War sie noch da und wie lebte sie? Daß sie von ihrem Geliebten verlassen sei, wußte ich bereits; ich hatte, als ich es zuerst erfuhr, laut gelacht. Jetzt lachte ich nicht mehr; ich dachte nicht ohne Gefühl tiefsten Mitleids an sie, die man so ungeheuer beleidigt hatte, die vielleicht, ja wohl gewiß, nun schutzlos, heimathlos durch die Welt irrte, eine Abenteurerin, wie ihr Vater ein Abenteurer gewesen war. Und doch konnte es ihr im gewöhnlichen Sinne des Wortes nicht schlecht gehen; sie hatte ja mit Stolz und Verachtung jeden Anspruch auf die Erbschaft ihres Vaters zurückgewiesen. Wußte sie jetzt, daß ihr Vater es verschmäht hatte, ihre Mutter zu seiner Gattin zu erheben? Hatte sie es immer, hatte sie es schon damals gewußt? Und, wenn sie es gewußt, reichte dieser Umstand nicht hin, das feindliche Verhältniß, in welchem sie zu ihrem Vater gestanden, zu erklären? Konnte sie den Mann lieben, der ihre Mutter so grenzenlos unglücklich gemacht? der ihr nie im guten Sinne Vater gewesen war, der, wenn man der Aussage seiner Spielgesellen glauben wollte, ihre Schönheit nur als Lockspeise benützt hatte für die dummen Fische, die sich in seinen Netzen fangen sollten? Konnte man mit ihr, der von solchen Eltern Abstammenden, in der Einsamkeit, in solcher Umgebung Aufgewachsenen, den plumpen Zudringlichkeiten, den frechen Schmeicheleien roher Krautjunker vom zarten Alter an Ausgelieferten – konnte man mit ihr so streng in's Gericht gehen, wenn sie Pflichten verletzt hatte, deren Heiligkeit sie nie begriffen? wenn sie das Opfer eines Wüstlings geworden war, der mit all den Lockungen des Reichthums, des hohen Ranges, mit dem ganzen Zauber der Jugend vor sie trat? Unglückliche Konstanze! Dein Lied von dem Schlimmen, dem Einen, an den Du die Seele, die arme, verloren – es war grausam prophetisch – der Eine war schlimm, sehr schlimm gegen Dich gewesen! Und der Andere! Er hatte die Drachen tödten sollen, die auf Deinen Wegen lauerten! Dein treuer Georg, Dein wackerer Knappe! Du hattest seine Dienste verschmäht, und es war auch wohl nur zu gerechtfertigt gewesen das Mißtrauen, das Du in die Kraft und Klugheit des Knappen setztest, der sich Dir geweiht. Würde er Dich je wiedersehen?
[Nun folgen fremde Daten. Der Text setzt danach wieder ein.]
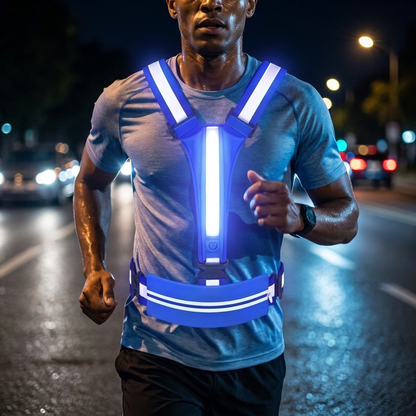 LED Reflective Running Vest with Waterproof Phone Pocket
Ich wußte, daß sie abgelehnt, sich an der bevorstehenden Familien-Conferenz zu betheiligen. Dennoch, je näher der Termin heranrückte, desto öfter kam mir der Gedanke, sie könnte sich doch, unberechenbar wie sie war, eines Anderen besinnen und plötzlich vor mir stehen, gerade so, wie mein Freund Arthur eines Abends, als ich mit Paula vom Belvedere zurückkam, im ganzen Glanze seiner neuen Fähnrichs-Uniform vor mir stand.